Author: Stephan Enderlein
License: BSD-3-Clause

The Finder OPTA devices NOR flash chip will become readonly somethimes. The reason is not known and must be a bug in Arduino drivers or mbed-os.

The external flash (build in the device and externally connected to the MCU STM32H7) is used as a block device carrying partitions and filesystems.

When this NOR flash is protected, probably hardware protection is enabled without any reason. Then the file system can only be read.

Any attempt to write, reformat, partitioning will not return an error. It is simply not working and ignores any write command to memory or registers of the NOR chip. This is how the flash chip works.

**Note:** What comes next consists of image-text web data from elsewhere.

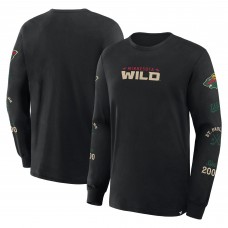Футболка с длинным рукавом Minnesota Wild Fanatics Black Boxed In Legacy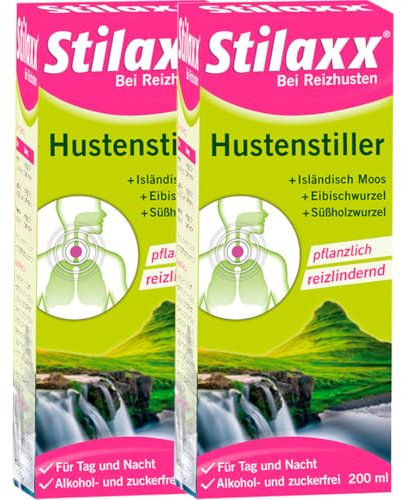 Stilaxx Hustenstiller 2x 200 ml - bei Reizhusten und trockenem Husten - reizlindernde Wirkung bei Hustenreiz - bei Tag & Nacht - ab 10 Jahren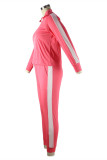 Vêtements de sport décontractés rose, Patchwork, col à fermeture éclair, manches longues, deux pièces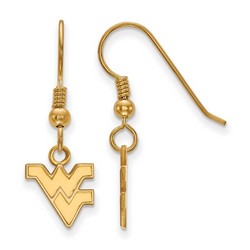 West Virginia University Mountaineers Gold Plated Silver XS Dangle Earrings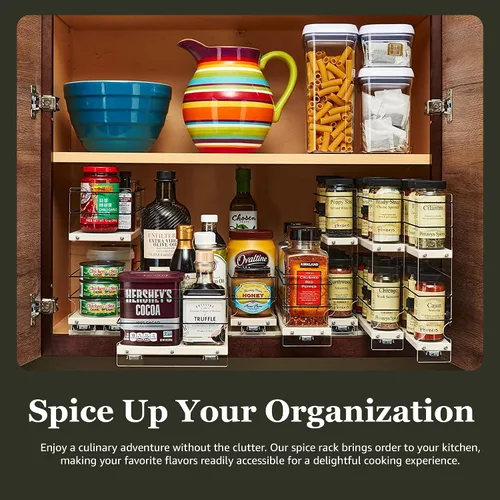 Miniatura 7 de Vertical Spice - Organizador de especias deslizante grande extraíble - 2 cajones individuales de 1 nivel - Soporte de condimentos con ruedas de alta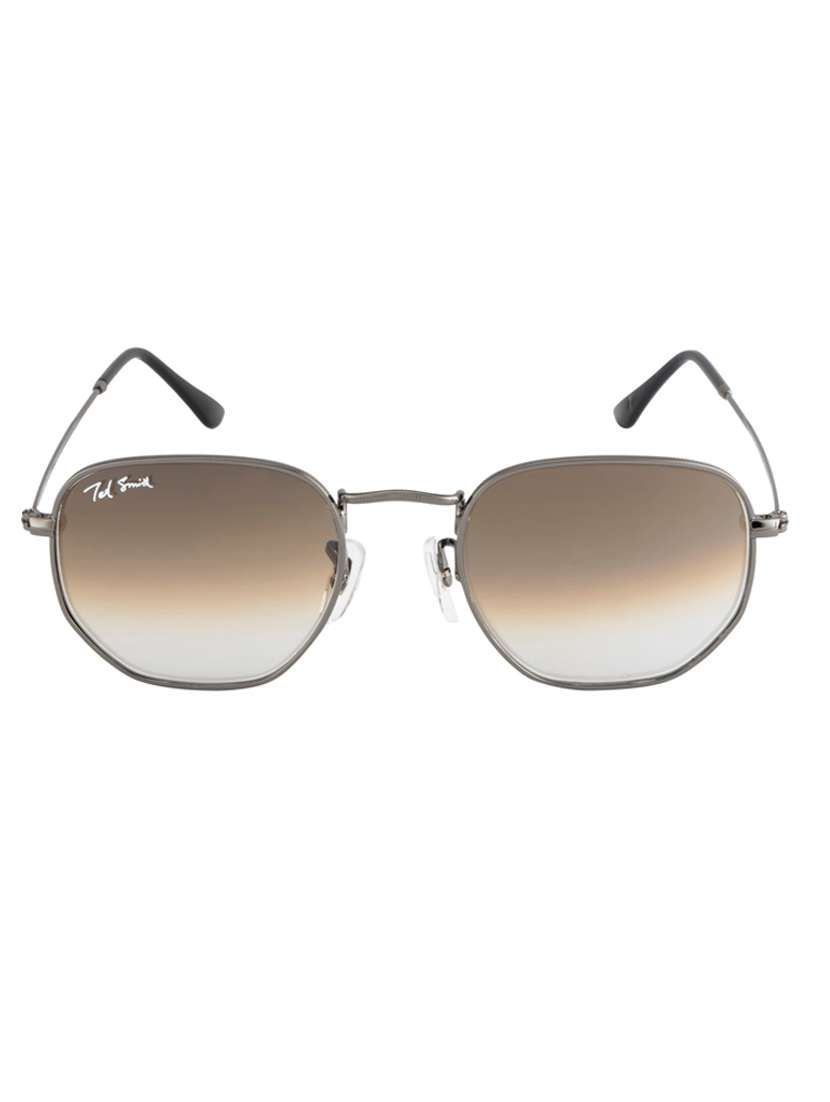 brown graded hexon hexagnal sunglasses 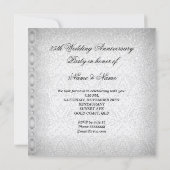 Invitation Fête de 25 ans de mariage en dentelle perle blanch (Dos)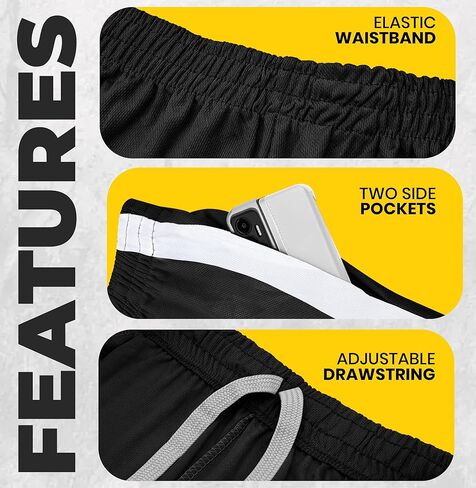 NY Threads Men's Athletic Shorts Quick Dry Loose-Fit Lightweight Running Workout Gym Shorts with Pockets in Kuwait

Howto disable flash protection and Background:

Recovering your OPTA is only possible when you disable HW protection.
QSPI has several "speed-modes" using either only 2 data lines, 4 or 8.
Two of those pins are used for either transfering data or as HW protection PIN.
This depends on the speed mode.

The Opta device has connected all needed data lines to STM32H7 mcu.
Somehow Arduino or Driver code does set the important flag accidentally. This could be uninialized bits in variables that are then random.

If at some point later the HW Pin gets low the flash hardware protection gets activated permantently.

This HW protection can only be reset when you have access to the HW protection pin.
There is no schematics available or any test point on the board, that allows to pull this line to high.
But there is an easy way todo it.

The trick:

As I know that all data lines are connected to MCU (stm32h7) and this MCU allows to move internal functions to different pins. Function are something like I2C,USB,UARTs,PWMs.

AND ALSO QSPI.

With this in mind, after you have initialized QSPI I redefine the data pin which also controls hardware protection as an normal GPIO input pin.
This is possible, because I only use QSPI commands that are available for QSPI_CFG_BUS_SINGLE (speed mode).

Result: The GPIO pin gets into high-z state (input). The QSPI flash has internally a pull up resistor. This pin is now high and disables the HW flash protection.

The next steps are easy:

  • enable writing to flash (WEL bit)
  • reset all protection bits.
pinMode(QSPI_SO2, INPUT);

I have added the simple program. If you need it as 'sketch', which is just a renamed c/c++ file without the include for "Arduino.h", rename and import it to Arduino-IDE.

In your software project you can read the status at some point and reset the flash protection when it happend.

But don't forget to reboot or reinitalize QSPI when you use a different value as QSPI_CFG_BUS_SINGLE for fast communication.